++++ SOURCE MATERIAL
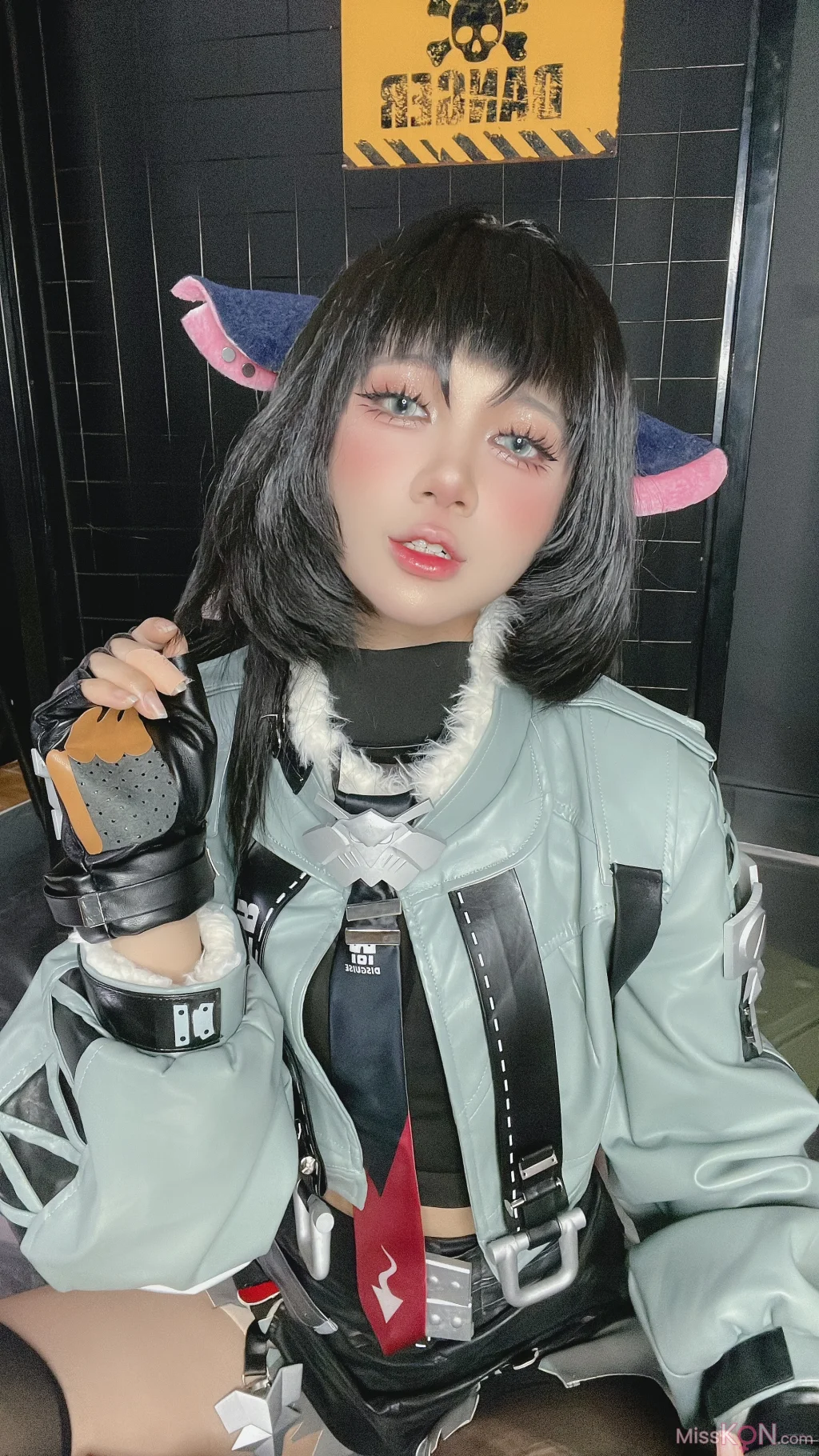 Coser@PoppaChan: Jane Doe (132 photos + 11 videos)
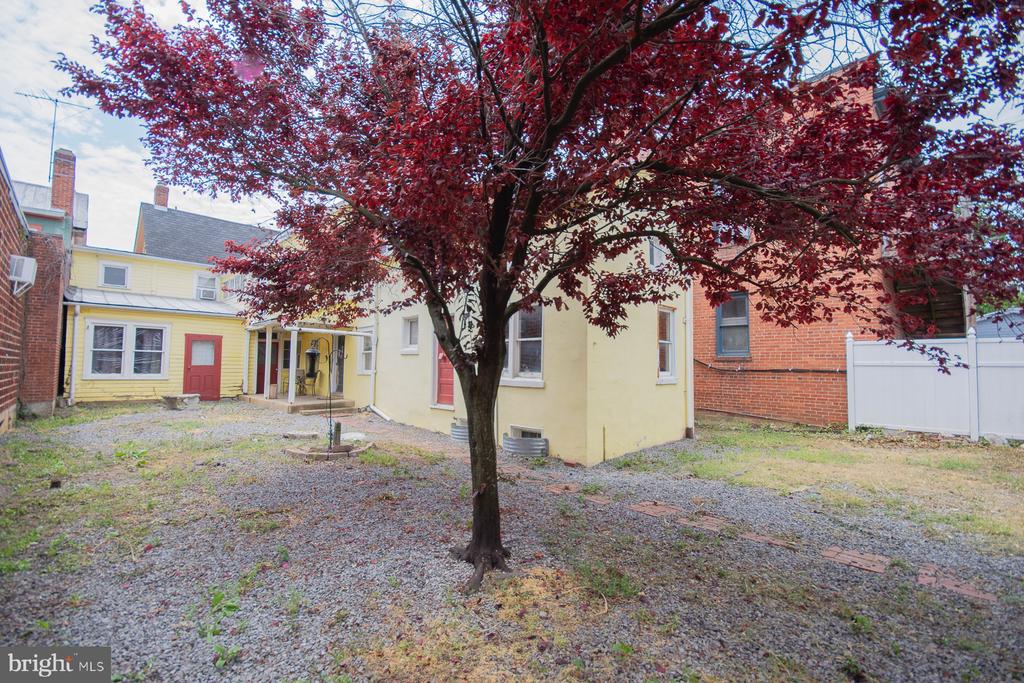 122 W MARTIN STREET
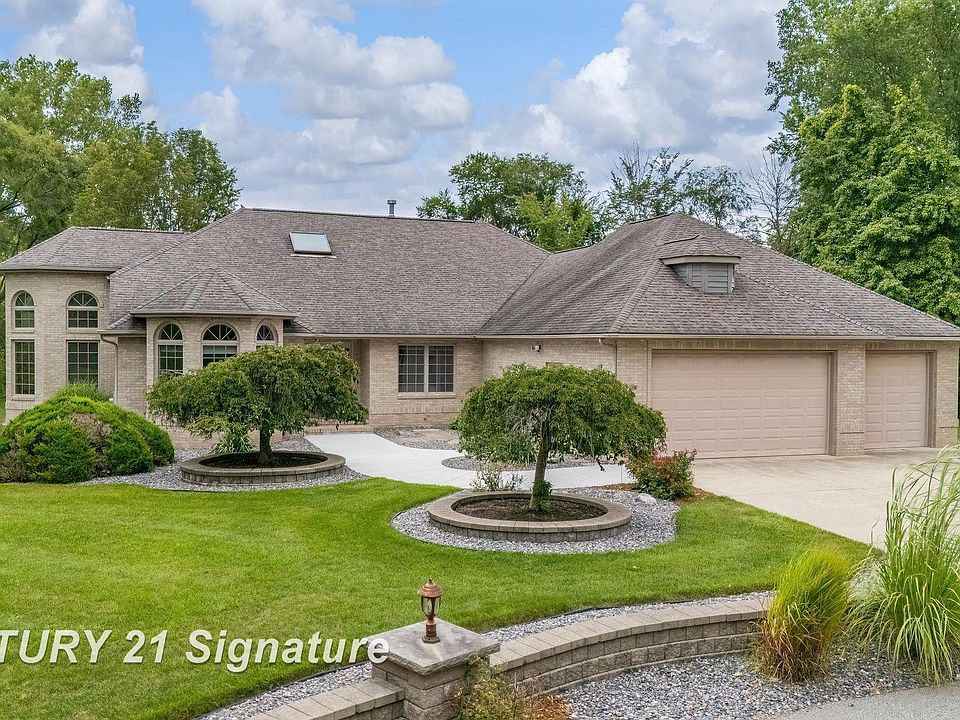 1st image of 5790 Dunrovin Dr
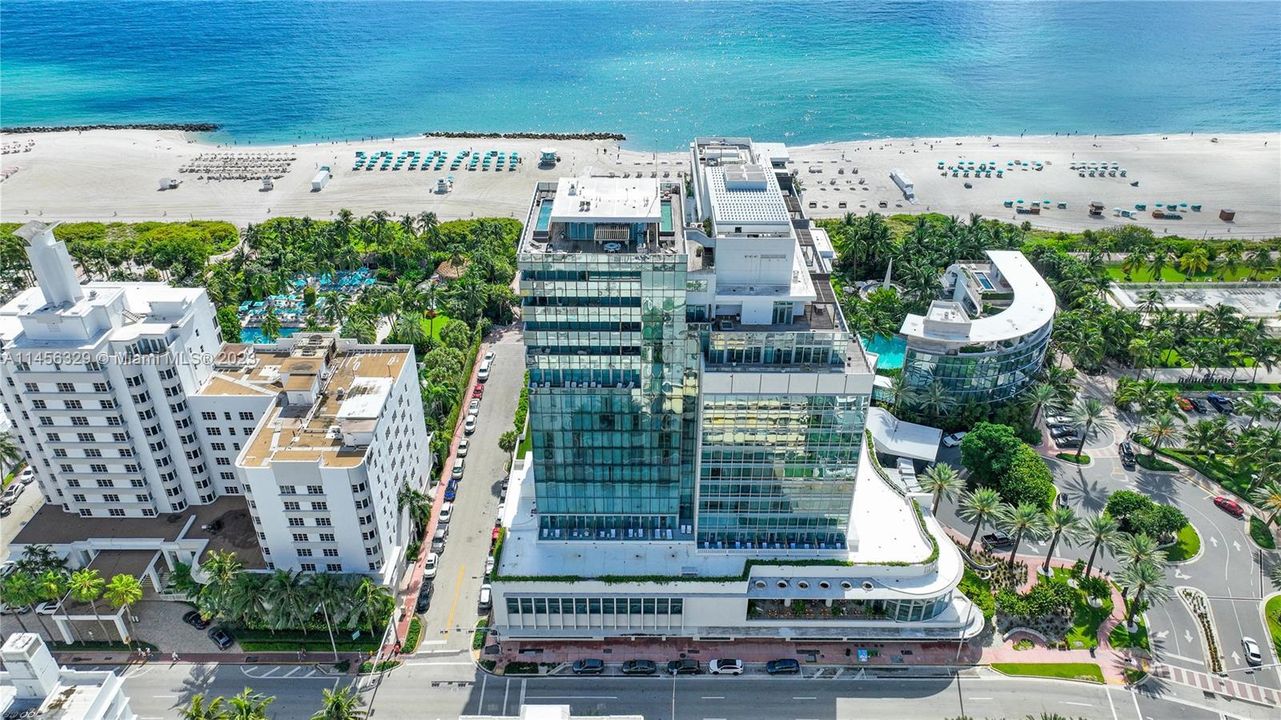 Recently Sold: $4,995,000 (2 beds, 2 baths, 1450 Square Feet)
++++++++
▶ [YOUR TASK]: Pictures are to be left out. Otherwise, copy the material above exactly.

▶ [ANSWER BELOW]:
 Coser@PoppaChan: Jane Doe (132 photos + 11 videos)
 122 W MARTIN STREET
 1st image of 5790 Dunrovin Dr
 Recently Sold: $4,995,000 (2 beds, 2 baths, 1450 Square Feet)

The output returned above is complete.